高木彬光の『刺青殺人事件』は二度、というか、二種のエディションをそれぞれ少なくとも一回ずつは読んでいるし、大幅に増補した第二稿のほうは二度読んだかもしれない。

今回は英訳版を読んだのだが、比較したわけではないものの、分量から云って、これは当然、増補改訂後の第二稿、ロング・ヴァージョンの翻訳だ。

◎安吾の酷評

そう云ってはなんだが、高木彬光という人は、文章力にはまったく定評のない作家で、十代の時、読んでみなさいと薦めてくれた先達も、「文章はひどいけれど、我慢して読むだけの価値はあるよ」と笑顔で言葉を添えた。

いやはや、じっさい、その通りというしかなかった。
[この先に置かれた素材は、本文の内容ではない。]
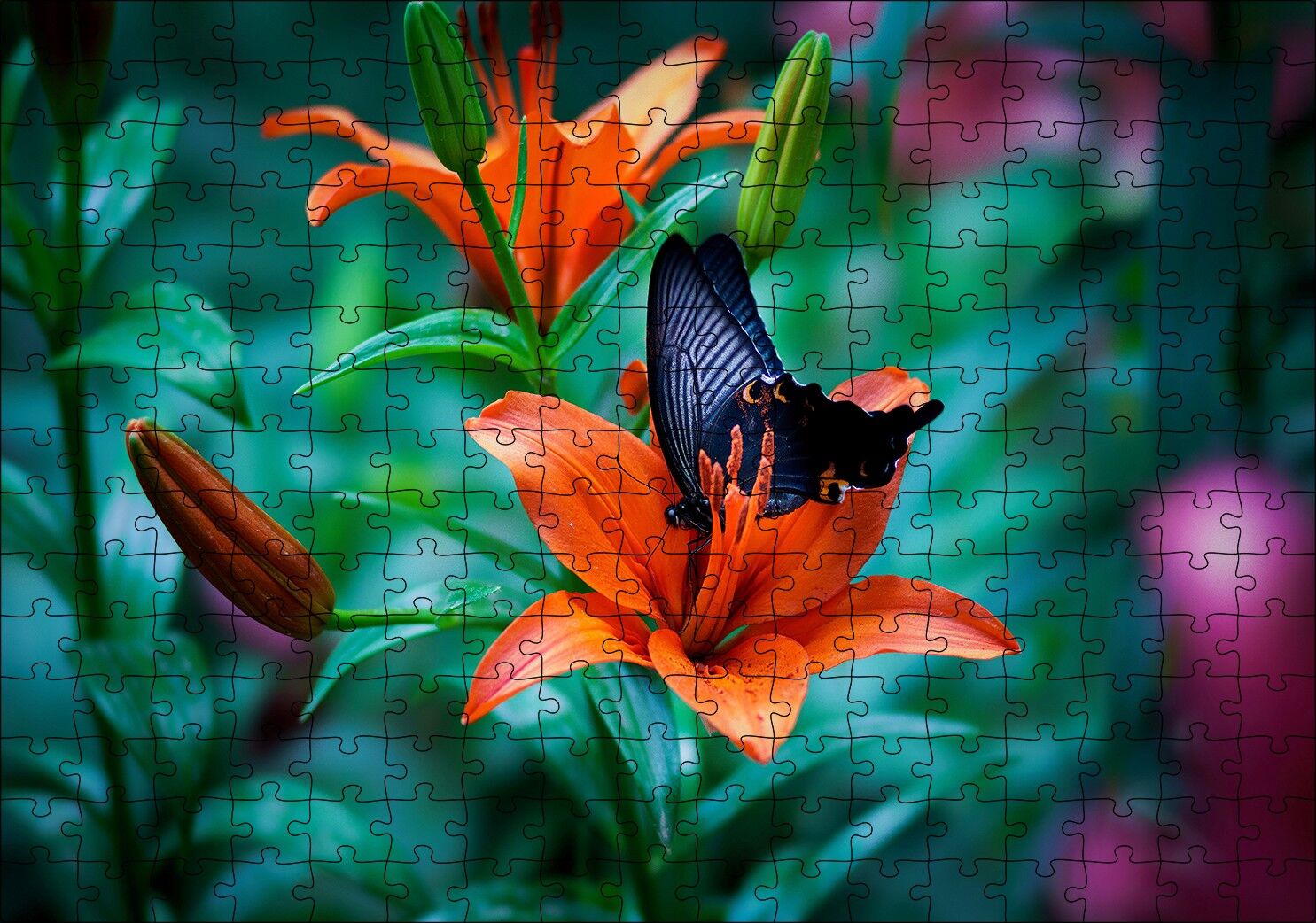 Truncu Lilyum Çiçeği Ve Mavi Kelebek Görseli Puzzle Yapboz MDF Ahşap 255 Parça 34 cm X 49 cm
若気の至りで、その後、わたしは何かというと、高木彬光の文章を日本語バッド・ライティングの典型例としてあげつらうようになった。


英訳『刺青殺人事件』にはいくつかのエディションがあるようだが、私が読んだのはこれ。



坂口安吾が「『刺青殺人事件』を評す」という長めの論評(というか、痛烈極まりない批判!)を書いているのだが、おおむね妥当、と思う。
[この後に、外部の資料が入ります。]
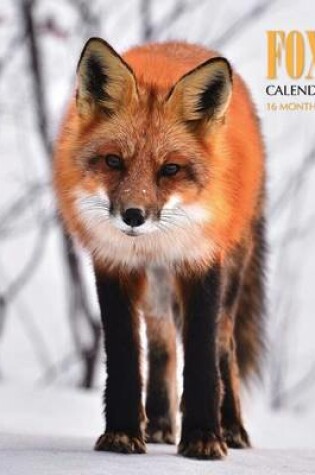 Cover of Foxes Calendar 2017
・密室トリックなど愚の骨頂(イエス。ただ、これは作中、神津恭介も、つまらないメカニカル・トリックだと云っている)
・犯人がすぐにわかってしまう(イエス。容疑者、動機のある人間が少なすぎるし、人物像も真っ正直に犯人を示している)

以上の二点は、まったくその通りです、安吾先生! というしかない。


「この作者は、よいトリックをもち、性本来ケレンがなく、論理的な頭を持っているのだが、つまり、読者に提出して行く工夫に、策が足りなかった。そして、文章もまずい。まずいけれども、さのみ不快を与えるほどの文章でもないから、これから筆になれゝば、これで役に立つだけの文章力はある」

褒めているんだか貶しているんだか判然としない微妙な云いっぷりだが、たしかに「これから筆になれゝば、これで役に立つだけの文章力はある」という評は正鵠を射ている。
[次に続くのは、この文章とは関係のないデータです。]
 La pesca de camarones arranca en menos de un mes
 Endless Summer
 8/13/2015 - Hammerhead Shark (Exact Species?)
日本語の上手くない書き手は苦手なのだが、高木彬光はその後、十数冊読んだのだから、見限ってしまうほどひどいとは感じなかったことになるし、安吾の見立て通り、安定していったし、『白昼の死角』『誘拐』『破戒裁判』のような、シリアス・ノヴェル寄りの長篇には適した文章になっていった(いや、「上手くなった」とは思わないが!)。



新東宝による『刺青殺人事件』の映画化。沼田曜一をのぞけば新東宝らしくないキャストだし、監督も大映で活躍した森一生だが、タイトルとポスターのデザインは新東宝らしさ横溢! 映画では、神津恭介ではなく、「刺青博士」が探偵役になったそうだが、ということは、東野英治郎がその博士を演じたということか? 真ん中にいる徳大寺伸は松下研三役なのだろう。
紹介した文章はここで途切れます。